As stars begin to form, they obtain most of their material from a disk of dust and gas surrounding them. A larger envelope of matter surrounds and feeds the disk. From here, binaries can emerge in one of two ways – far apart, where they grow in the envelope, or much closer to one another, where they form in the disk.

There’s a caveat, though: binaries that form in the envelope can move closer to each other over time, so even if they look near to one another now, they were not necessarily always that way.

That’s where magnetic fields come in.

In a recent study, SOFIA observations – supported by data from the Atacama Large Millimeter Array (ALMA), the Pico dos Dias Observatory, and archival data from the Herschel Space Observatory – found the magnetic field in the star-forming cloud Lynds 483 (L483) is oriented east-to-west in its outer regions, but twists 45 degrees counter-clockwise toward its center. ALMA confirmed that L483 contains two protostars and Herschel provided information about some of the region’s physical properties, while SOFIA and Pico dos Dias traced the magnetic field’s shape.
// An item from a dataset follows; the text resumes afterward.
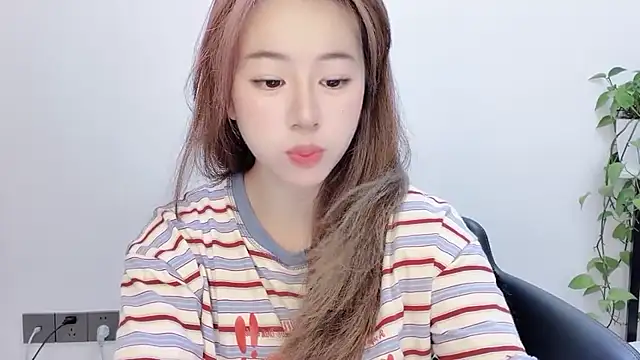 Snapshot of Baixi-01 chatting on June 2026 02:33:01 PM Baixi-01 online show from June 2026 02:33:01 PM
A subset of polarization vectors are overlain atop a Spitzer Space Telescope image of Lynds 483.
A subset of polarization vectors are overlain atop a Spitzer Space Telescope image of Lynds 483. The SOFIA data is shown in red, and the orange vectors were obtained by Pico dos Dias Observatory. The green vectors show data obtained by SHARC C-II Polarimeter at the Caltech Submillimeter Observatory in previous work, shown here as a comparison of scales. Near the center of the image is a small yellow dot indicating the location of the binary protostars. The combined fields show a twist as they approach the protostellar envelope, though they are parallel on larger scales. Credit: L483: NASA/JPL-Caltech/J. Tobin; Vectors: Cox et al. 2022, Chapman et al. 2013

“If we back up a little bit, we think these protostars formed far away, migrated, and twisted up their field in the process of coming toward each other,” said Erin Cox, a postdoctoral associate at Northwestern University in Evanston, Illinois, who led the study.

Because stars and their planets form around the same time, figuring out how the protobinary came together tells astronomers about the types of planets it can harbor.

“If we understand how the protobinary stars formed, we will get a better understanding of how much stuff is in the disk, which is the material that provides the planets with their masses,” Cox said. “We want to understand what our starting mass budget is for these planets.”

For example, the protobinaries’ inward migration can enhance the motion of the gas and dust around them, ejecting them out of the system. If too much material gets blown out, only Earth-like rocky planets can potentially form, rather than gas giants, like Jupiter.

Being able to see these magnetic fields helps decipher the formation of binary systems and, in turn, their associated Tatooine planets.

SOFIA is a joint project of NASA and the German Space Agency at DLR. DLR provides the telescope, scheduled aircraft maintenance, and other support for the mission. NASA’s Ames Research Center in California’s Silicon Valley manages the SOFIA program, science, and mission operations in cooperation with the Universities Space Research Association, headquartered in Columbia, Maryland, and the German SOFIA Institute at the University of Stuttgart. The aircraft is maintained and operated by NASA’s Armstrong Flight Research Center Building 703, in Palmdale, California. SOFIA achieved full operational capability in 2014, and the mission will conclude no later than Sept. 30, 2022. SOFIA will continue its regular operations until then.